For companies planning several modules per year, this is often healthier than an ultra-ambitious project concentrated into a single deliverable. And depending on internal resources, a tool like VTS Editor can make it possible to bring part of the production in-house, then reduce dependency on an agency for future updates. To see concrete examples, you can check out our case studies.
Custom with an agency: sometimes necessary, needs framing
In some cases, an agency is the obvious choice: critical business stakes, strong regulatory requirements, advanced art direction, a large diversity of cases, high expectations for narrative or polish.
In these situations, full custom is often justified, but it requires clear project steering (otherwise drift comes as much from approvals as from production).
- clearly stated objectives
- explicit non-objectives
- a short prototype approved early
- simple validation governance
- a defined number of cycles
- an anticipated maintenance strategy
Estimating a budget: a simple method to frame a quote
You don’t need to be a digital learning expert to request a serious estimate. But you do need to reduce uncertainty, because uncertainty almost always ends up being paid for somewhere.
Before contacting a provider, clarify these points:
- Main purpose: inform, train, or certify
- Target audience: roles, volume, countries, level
- Format: short micro-module, series, longer learning path
- Level of interactivity: quiz, case study, branches, simulation
- Desired media: simple, premium, video, voice-over
- Degree of contextualization: branding, vocabulary, business situations
- Expected deployment: SCORM, LMS, tracking rules
- Constraints: accessibility, GDPR, compliance
- Languages: how many, with what validation, with or without audio
- Maintenance: update frequency, versioning, ownership
Not everything needs to be frozen from the start. But distinguishing what’s mandatory from what’s merely desirable already changes the quality of quotes a lot.
Frequently asked questions about the price of a custom e-learning module in 2026
What budget for 15 minutes, and what is the price of a custom e-learning module in 2026 for that format?
For 15 minutes, budgets are very often between €8,000 and €30,000.
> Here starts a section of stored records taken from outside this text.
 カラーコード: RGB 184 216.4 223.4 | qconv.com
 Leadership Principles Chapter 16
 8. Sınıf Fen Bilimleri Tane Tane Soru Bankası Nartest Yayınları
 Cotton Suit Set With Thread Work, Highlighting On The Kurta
The lower range generally corresponds to an informative module, well built, with a few interactions. The upper range comes quickly as soon as you add scenario-based practice, branching, contextualized feedback, scoring, or media that is more expensive to produce and maintain.
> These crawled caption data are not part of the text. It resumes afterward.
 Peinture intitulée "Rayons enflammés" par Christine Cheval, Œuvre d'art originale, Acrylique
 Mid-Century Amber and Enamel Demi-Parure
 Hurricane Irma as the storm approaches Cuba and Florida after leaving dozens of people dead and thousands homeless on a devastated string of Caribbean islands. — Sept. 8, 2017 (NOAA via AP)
What makes a quote increase very quickly?
Four factors come up constantly:
- non-linearity, i.e., branches
- voice-over, especially multilingual
- accessibility or compliance constraints added late
- numerous, changing, or poorly framed validations
Most often, it’s not a single decision that blows up the budget—it’s the accumulation.
Is custom necessarily more expensive than off-the-shelf?
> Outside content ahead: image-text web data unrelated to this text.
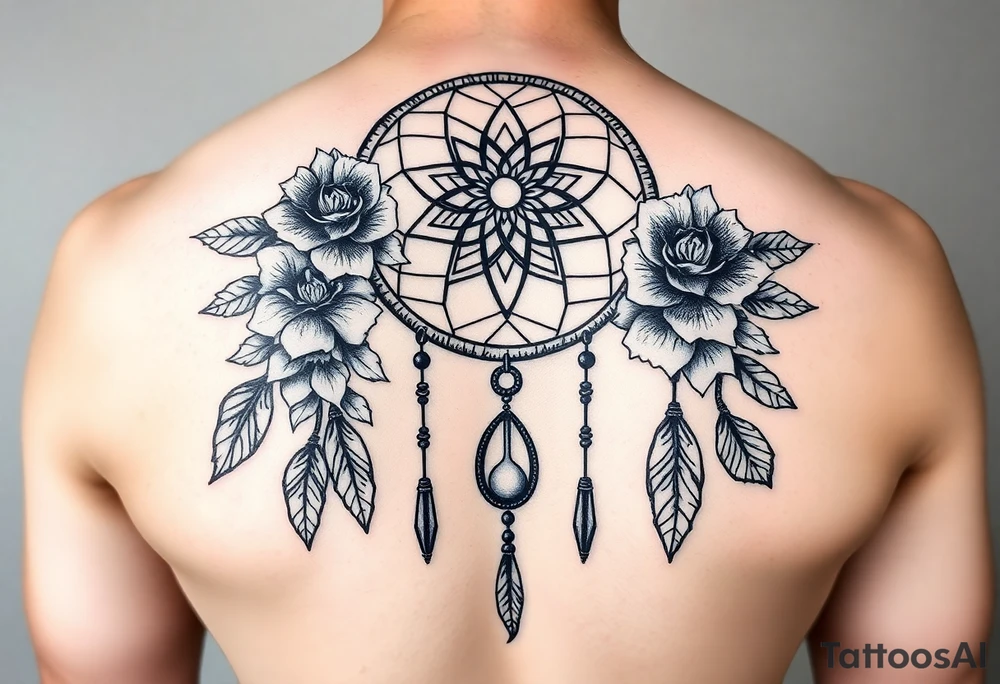 Boho dream catcher with gothic compass and hourglass. Beautiful flowers and an ornamental chandelier like look tattoo idea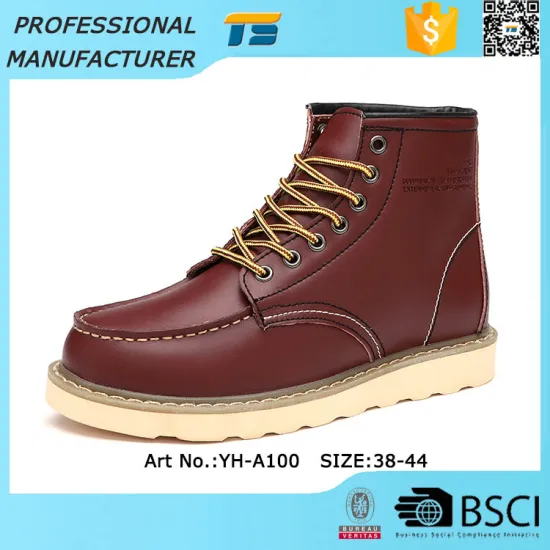 Leather Upper Rubber Bottom Men Long Genuine Leather Shoes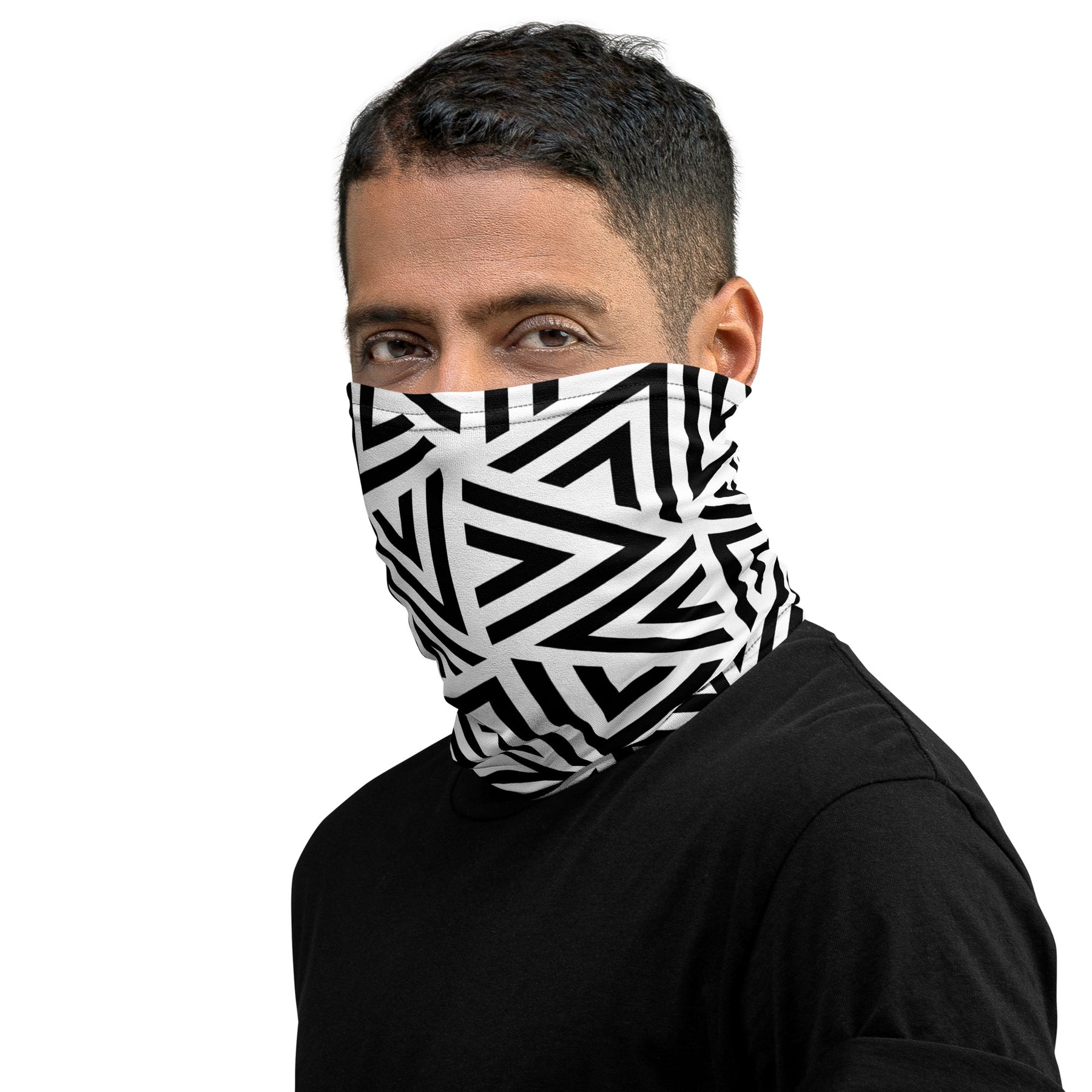 White Modern Teepee Neck Gaiter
Upfront, yes, in most cases.
But if you think in terms of total cost, the answer becomes less clear-cut. A custom module can increase engagement, reinforce adoption, reduce on-the-job errors, or limit certain risks. In that case, the calculation doesn’t come down to the initial production cost.
On the impact of interactive formats and engagement, you can consult this widely cited synthesis work:
Hamari, Koivisto & Sarsa (2014), “Does Gamification Work?” (Computers & Education).
Is voice-over essential?
No.
It can be relevant to support attention, help certain audiences, reinforce scenario-based practice, or improve accessibility. But it makes updates heavier. A common compromise is to reserve audio for important instructions and key moments, and leave the rest for reading.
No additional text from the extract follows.